Progression of focal segmental glomerulosclerosis (FSGS) is associated with podocyte loss and hypertrophy of remaining podocytes; however, the mechanisms underlying these processes are unknown. New findings reveal a role for mTORC1 in balancing glomerular maintenance and disease progression in FSGS. “Complete mTOR inhibition or mTOR hyperactivation accelerates glomerulosclerosis progression, whereas moderate mTOR inhibition has a beneficial effect,” says Tobias Huber.

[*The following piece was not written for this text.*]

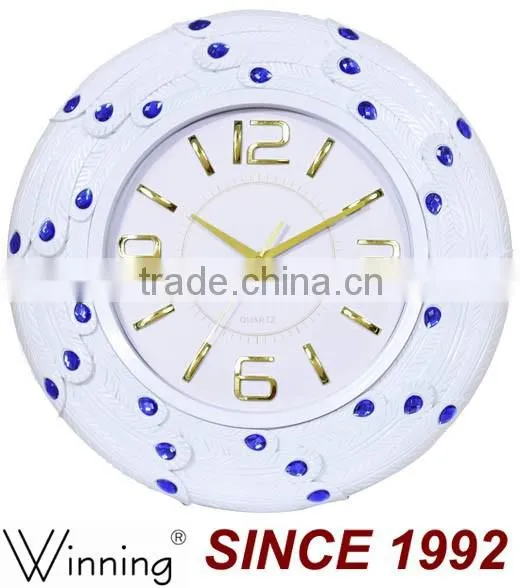 Home Goods Plastic Round Wall Clock photo-2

Previous studies showing that mTOR regulates podocyte hypertrophy led Huber and colleagues to assess the role of mTOR in glomerulosclerosis. The researchers noted upregulation of mTORC1 target genes in microdissected glomeruli from patients with primary FSGS compared with levels in patients with minimal change disease. Similarly, mTORC1 was activated in podocytes of mice with Adriamycin (ADR)-induced nephropathy, and constitutive hyperactivation of mTORC1 led to the development of FSGS-like lesions, highlighting mTORC1 activation as a driver of FSGS. The researchers then assessed the effect of podocyte-specific mTORC1 suppression. Surprisingly, inhibition of mTORC1function by deleting both Raptor alleles in podocytes potentiated the effects of ADR, whereas heterozygous deletion of Raptor ameliorated ADR-induced disease.

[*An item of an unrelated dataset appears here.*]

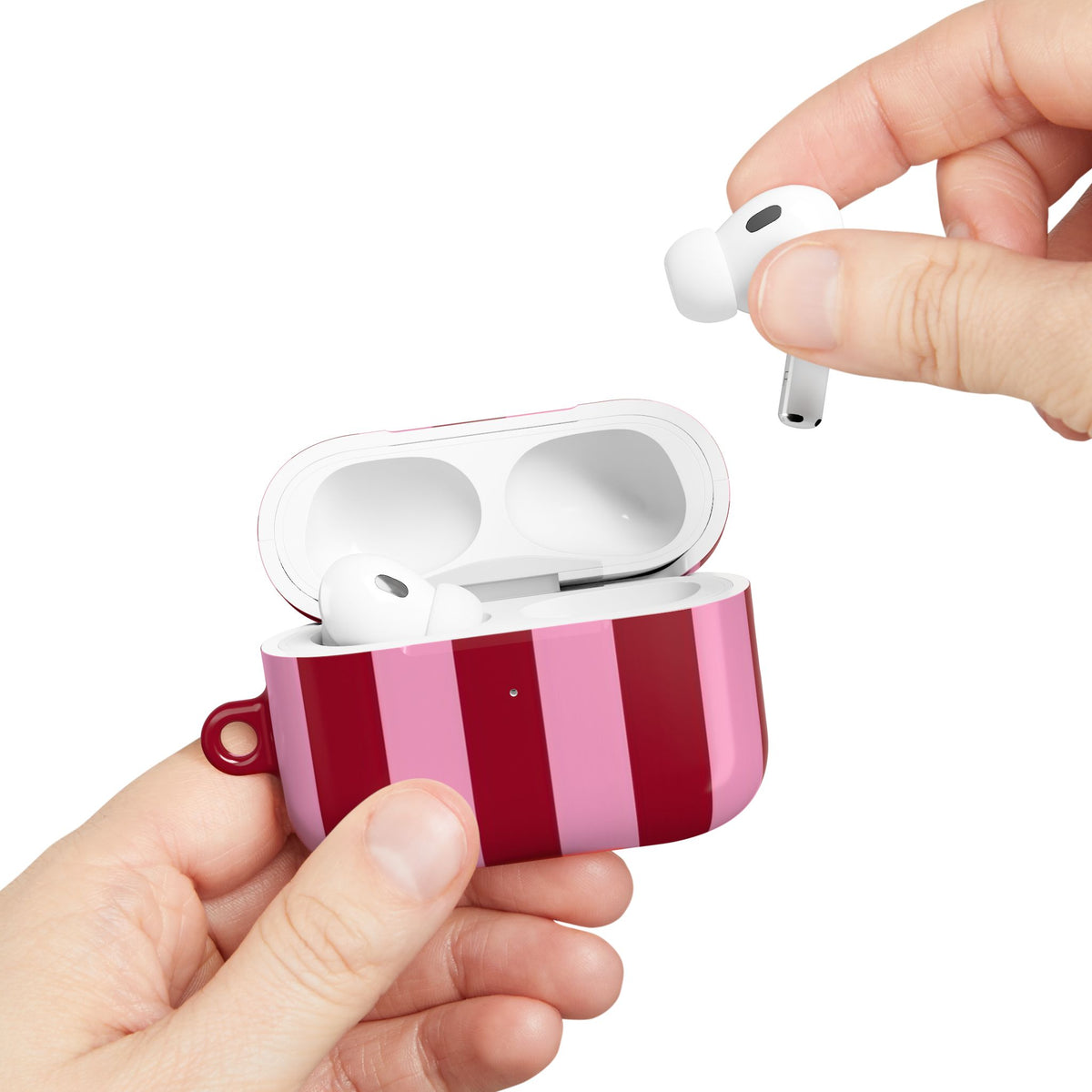 Candy Cane AirPod Case – Slim Protective Charging Case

Our data provide clear experimental evidence for a novel treatment regimen based on partial mTOR inhibition

To assess the molecular consequences of mTOR signalling in podocytes, Huber and colleagues inhibited mTOR in immortalized human podocytes. High-dose treatment with an mTOR inhibitor led to mitochondrial impairment, whereas low-dose inhibition ameliorated ADR-induced mitochondrial dysfunction. “We found that complete mTOR inhibition shifts cellular energy metabolism towards reduced rates of oxidative phosphorylation and anaerobic glycolysis, whereas prolonged mTOR activation results in metabolic podocyte reprogramming leading to increased cellular stress and dedifferentiation,” explains Huber. “Our data provide clear experimental evidence for a novel treatment regimen based on partial mTOR inhibition to prevent progressive glomerulosclerosis and FSGS.”

Huber says his future aims are to better understand the downstream effectors of mTOR and their role in podocyte physiology.